Meantime, this is the third consecutive monthly Outlook in which the forecast average household expenditures for heating fuels has been lowered because of continuing unusually warm weather for most of the nation. Average household heating oil expenditures are now expected to increase by only 1% this winter heating season—Oct. 1 to March 31—compared with last winter. Natural gas and propane expenditures are projected to decline by 11% and 5%, respectively, and electricity expenditures are 4% lower than last winter’s levels.
In 2011, total U.S. liquid fuels consumption fell by 340,000 bpd or 1.8% from the 2010 average level. Motor gasoline consumption accounted for much of that decline, shrinking by 260,000 bpd or 2.9%. In contrast, distillate fuel oil consumption rose 50,000 bpd or 1.3% brought about by recovery in industrial output and freight transport.
EIA said that even with forecasted U.S. real gross domestic product growth of 2.2% this year and 2.4% in 2013, the next two years are expected to see only small changes in total liquid fuels consumption with a decline of about 60,000 bpd this year and an increase of 110,000 bpd next year. Motor gasoline consumption, constrained by slowing growth in the driving-age population and the improving fuel economy of new vehicles, is forecast to fall by 60,000 bpd in 2012 and decline by 10,000 bpd in 2013. Distillate fuel consumption, however, continues to rise.

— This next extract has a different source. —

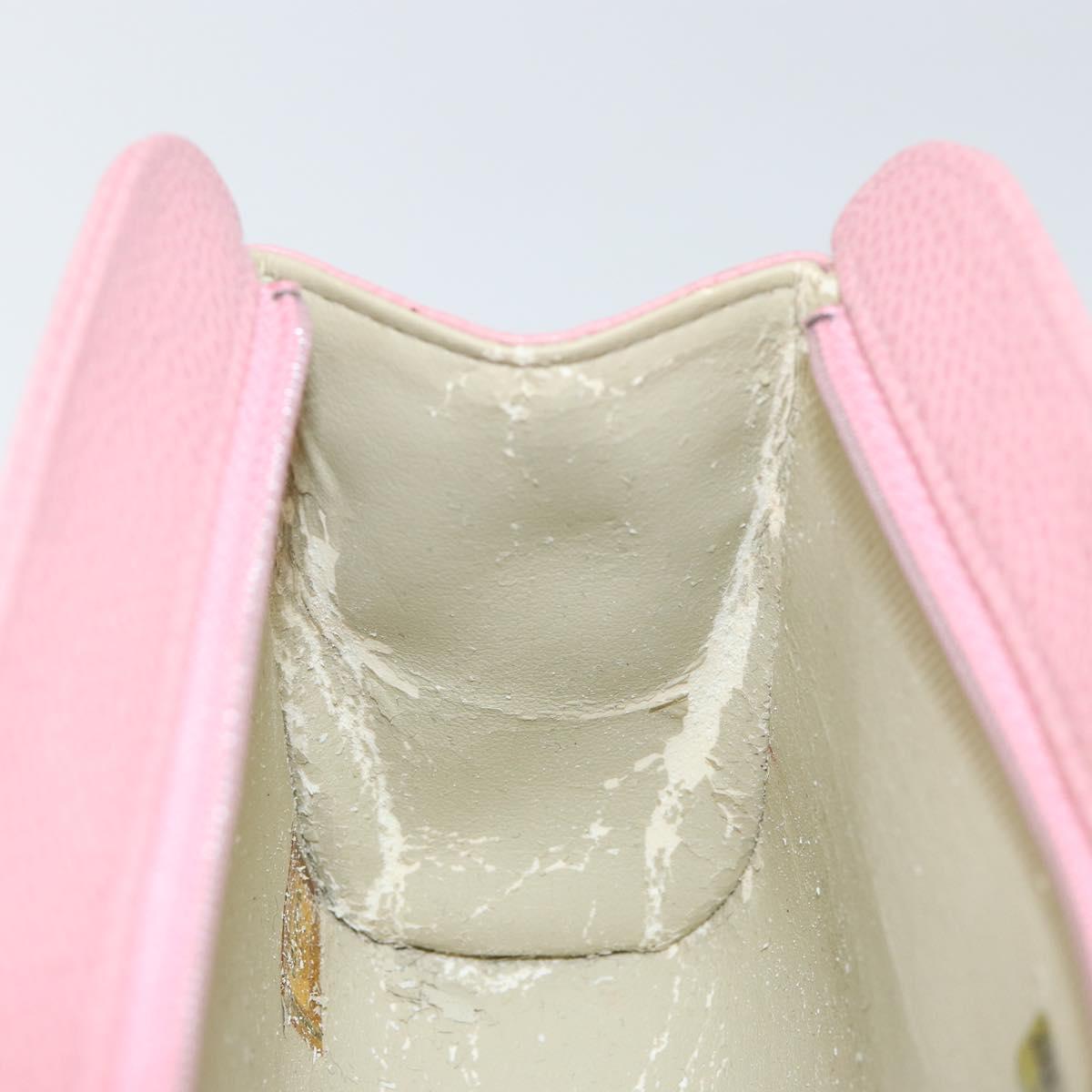 CHANEL COCO Mark Pouch Caviar Skin Pink Gold CC Auth am9058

Fuel ethanol production is expected to grow from an average 910,000 bpd in 2011 to 920,000 bpd this year and 930,000 bpd next year. U.S. ethanol production is projected to exceed the volume that can easily be used in the nation’s fuel pool, so the U.S. will continue to be a net exporter of ethanol over the next two years.
EIA estimates that biodiesel production in 2011 average about 61,000 bpd, or 939 million gallons of total annual production. Forecast biodiesel production is seen averaging 64,000 bpd this year and 65,000 bpd in 2013.